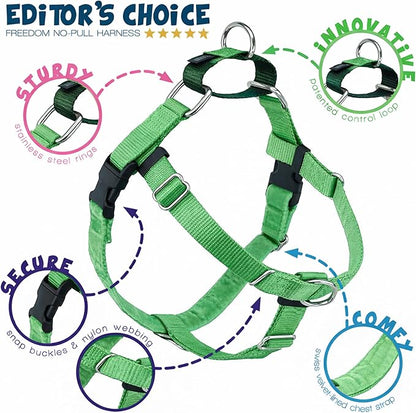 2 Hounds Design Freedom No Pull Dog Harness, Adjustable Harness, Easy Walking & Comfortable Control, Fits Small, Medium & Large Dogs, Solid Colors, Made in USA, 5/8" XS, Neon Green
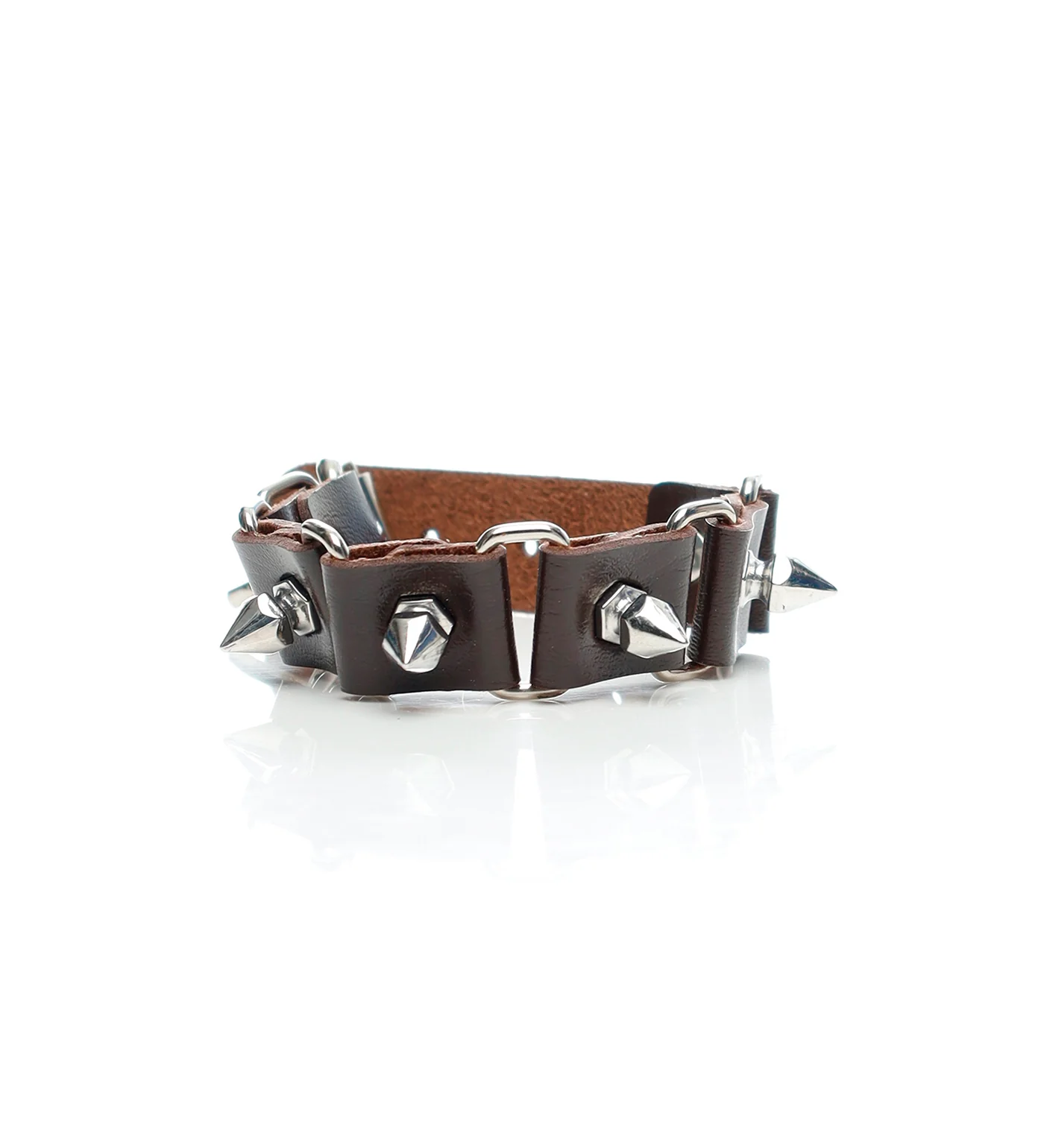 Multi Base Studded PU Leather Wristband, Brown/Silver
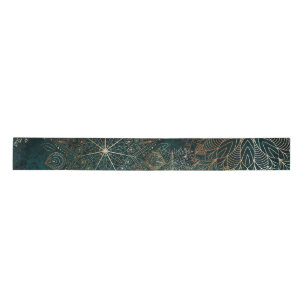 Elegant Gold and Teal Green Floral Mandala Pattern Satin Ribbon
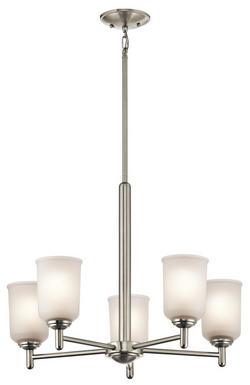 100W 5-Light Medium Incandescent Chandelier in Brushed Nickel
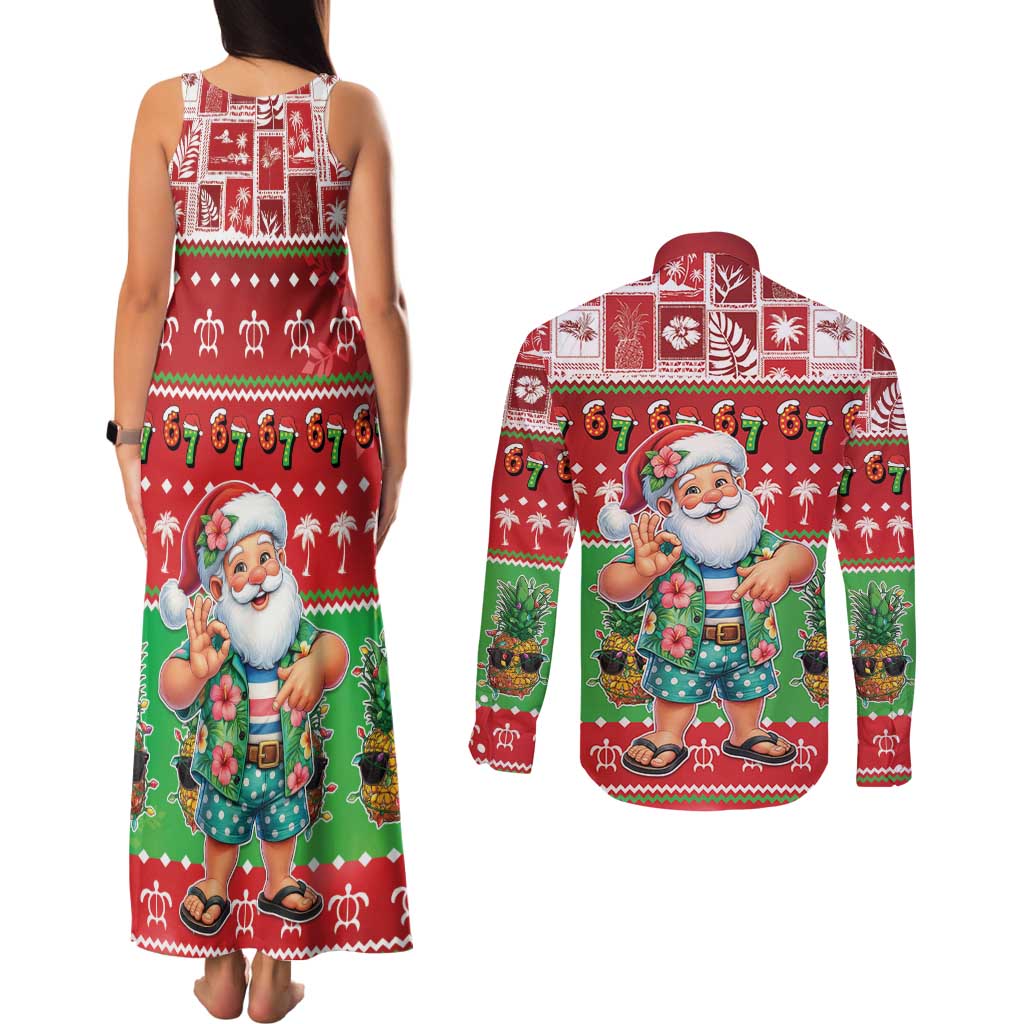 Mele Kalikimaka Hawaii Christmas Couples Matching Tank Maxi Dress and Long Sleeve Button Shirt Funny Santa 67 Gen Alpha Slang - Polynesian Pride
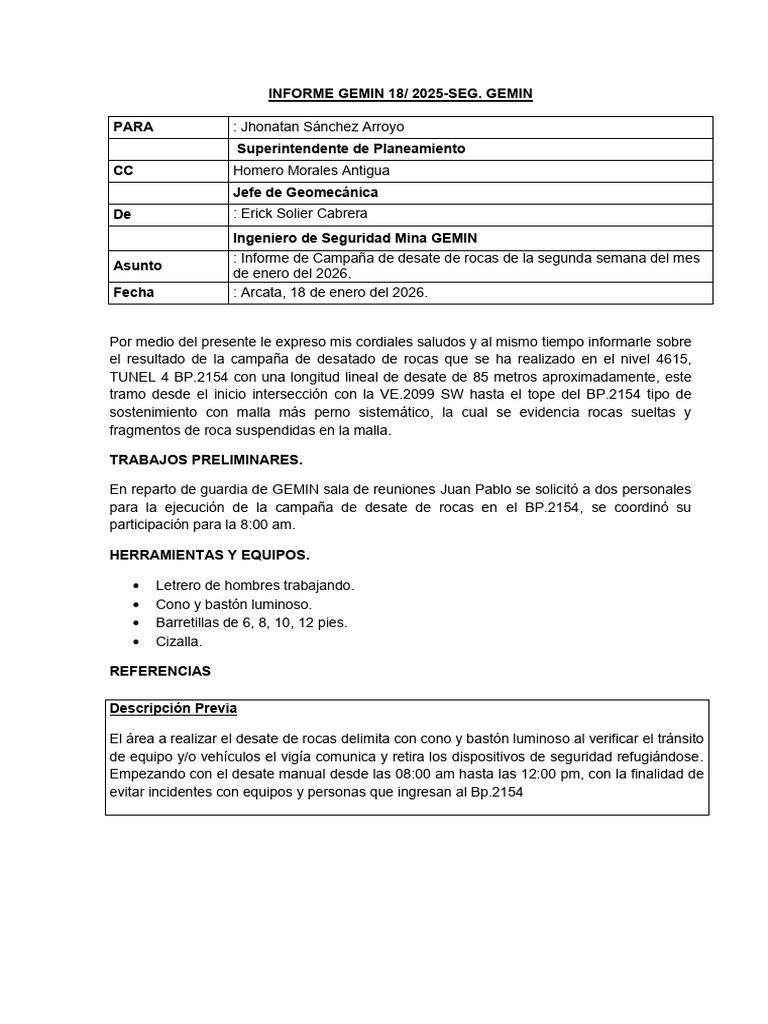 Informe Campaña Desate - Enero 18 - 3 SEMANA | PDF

----

GOAL OF THE EXERCISE:
Give back only the lines from the one that carries "Multi Base Studded" through the final line above, both included. Drop all pictures.

RESPONSE AREA:
 Multi Base Studded PU Leather Wristband, Brown/Silver
 Elegant Gold and Teal Green Floral Mandala Pattern Satin Ribbon
 100W 5-Light Medium Incandescent Chandelier in Brushed Nickel
 Mele Kalikimaka Hawaii Christmas Couples Matching Tank Maxi Dress and Long Sleeve Button Shirt Funny Santa 67 Gen Alpha Slang - Polynesian Pride
 Informe Campaña Desate - Enero 18 - 3 SEMANA | PDF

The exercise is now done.